Des souris et un homme

salander

DES SOURIS ET UN HOMME

Le jour où j’ai rencontré Jack, j’ai béni le destin, le hasard, Cupidon, Saint Valentin et ses acolytes. Parce que j’avais toujours pensé que si la vie me glissait ce genre de type élégant, drôle et intelligent dans les pattes, il ne m’aurait pas accordé le moindre clin d’œil. Une fille comme moi, pas très grande, large d’épaules, les traits dégrossis au pic à glace et la mèche constamment grasse… Pourtant, c’est arrivé.

Jack m’a écrasé le pied en sortant du bus. Du 47 en fonte sur du 38 en daim. J’ai hurlé de douleur. Tous les usagers se sont retournés, aucun ne m’a porté secours. C’est Jack, déconfit comme jamais, qui a accueilli mon corps tremblant entre ses bras.

- Je suis confus, gémit-il ; sincèrement.

- Mon pied aussi, répliquai-je en ravalant mes larmes.

Notre idylle a débuté quelques jours plus tard.
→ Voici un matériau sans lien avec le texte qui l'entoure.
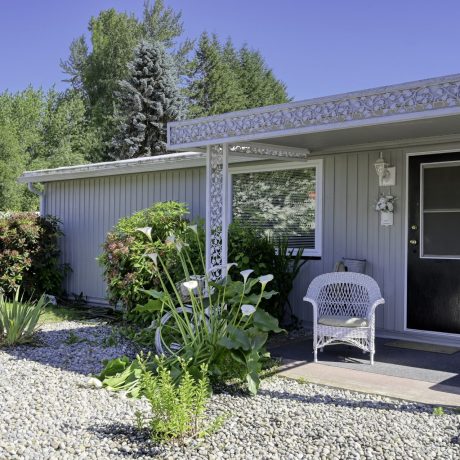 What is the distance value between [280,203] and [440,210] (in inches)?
87.4

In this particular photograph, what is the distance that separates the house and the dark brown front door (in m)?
0.01

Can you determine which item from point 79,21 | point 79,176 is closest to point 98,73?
point 79,21

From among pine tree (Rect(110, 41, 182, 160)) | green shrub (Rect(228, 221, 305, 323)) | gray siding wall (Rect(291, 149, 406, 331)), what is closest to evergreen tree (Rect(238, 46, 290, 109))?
pine tree (Rect(110, 41, 182, 160))

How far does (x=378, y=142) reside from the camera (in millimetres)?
6602

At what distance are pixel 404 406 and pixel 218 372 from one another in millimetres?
1418

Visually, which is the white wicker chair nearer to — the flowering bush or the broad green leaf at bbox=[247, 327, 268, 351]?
the broad green leaf at bbox=[247, 327, 268, 351]

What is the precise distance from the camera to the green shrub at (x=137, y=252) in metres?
7.21

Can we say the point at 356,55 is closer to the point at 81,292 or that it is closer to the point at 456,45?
the point at 456,45

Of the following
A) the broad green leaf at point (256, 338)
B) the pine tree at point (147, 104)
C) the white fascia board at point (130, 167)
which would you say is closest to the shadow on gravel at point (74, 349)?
the broad green leaf at point (256, 338)

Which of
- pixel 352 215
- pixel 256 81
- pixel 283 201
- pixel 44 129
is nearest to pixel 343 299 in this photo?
pixel 352 215

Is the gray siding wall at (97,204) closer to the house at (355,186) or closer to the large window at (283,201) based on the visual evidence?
the house at (355,186)

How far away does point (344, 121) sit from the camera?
15.8ft

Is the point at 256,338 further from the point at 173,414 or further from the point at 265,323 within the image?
the point at 173,414

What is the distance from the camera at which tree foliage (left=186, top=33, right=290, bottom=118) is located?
30016 mm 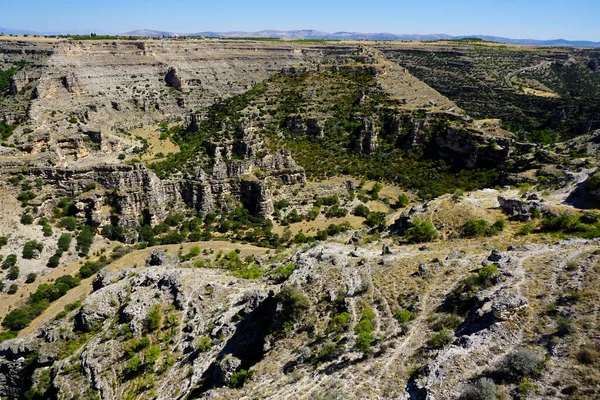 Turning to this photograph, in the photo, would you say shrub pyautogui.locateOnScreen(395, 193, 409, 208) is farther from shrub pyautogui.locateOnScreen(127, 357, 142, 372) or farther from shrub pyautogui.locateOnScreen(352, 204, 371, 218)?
shrub pyautogui.locateOnScreen(127, 357, 142, 372)

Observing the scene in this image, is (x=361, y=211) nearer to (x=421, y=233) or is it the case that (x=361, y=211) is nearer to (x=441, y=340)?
(x=421, y=233)

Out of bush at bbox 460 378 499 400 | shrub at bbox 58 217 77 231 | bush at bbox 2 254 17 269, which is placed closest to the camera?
bush at bbox 460 378 499 400

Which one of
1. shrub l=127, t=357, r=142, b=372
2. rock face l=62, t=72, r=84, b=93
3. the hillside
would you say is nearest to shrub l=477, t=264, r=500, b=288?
the hillside

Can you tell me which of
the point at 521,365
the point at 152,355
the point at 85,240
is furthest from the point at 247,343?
the point at 85,240

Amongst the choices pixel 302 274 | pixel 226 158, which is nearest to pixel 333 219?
pixel 226 158

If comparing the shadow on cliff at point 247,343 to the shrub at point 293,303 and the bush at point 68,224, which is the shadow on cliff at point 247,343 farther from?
the bush at point 68,224

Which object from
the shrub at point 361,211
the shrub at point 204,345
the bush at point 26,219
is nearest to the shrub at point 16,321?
the bush at point 26,219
Un démarrage lent, avec son cortège d’invitations à des repas suivi d’une série approches maladroites mais touchantes : je te prends la main dans la rue, je te tiens par la taille, je t’effleure les fesses ou les seins avec une délicatesse exagérée. Enfin Jack m’a embrassée, incisives et canines embouties dans un magma de salive. J’ai commencé à léviter et notre amour a accéléré comme une navette spatiale.

Durant les cinq premières années, nous avons essayé de faire des enfants. C’était notre vœu le plus cher. Jack ne voulait pas devenir un vieux père (il avait vingt-sept ans, quand je l’ai connu) et moi, qui avais toujours eu l’air vieille, je ne me voyais pas quitter cette terre sans avoir contribué à son explosion démographique. Nous avons donc relu le Kamasutra, brûlé pilules, stérilet et préservatifs durant une séance de sacrifices et tenté de varier les positions coïtales.

Rien n’a fonctionné. Mes parents s’en fichaient – je les soupçonnais de me préférer sans enfant, craignant que ma progéniture soit pire que moi –, mais ceux de Jack frémissaient d’inquiétude. Lors d’un repas chez eux, j’ai pu mesurer l’ampleur de leurs tracas.

- Tes spermatozoïdes ne sont peut-être pas très vaillants ? suggéra le père de Jack en servant un sixième whisky à son fils.

- À mon âge, tu crois…

- Les ovules de Meg ont dépassé la date de péremption, déclara sa mère avant de me lancer un regard venimeux.

- Oh, Meg est fraîche comme un glaçon, contra Jack.

- Un gardon, rectifiai-je ; pas un glaçon.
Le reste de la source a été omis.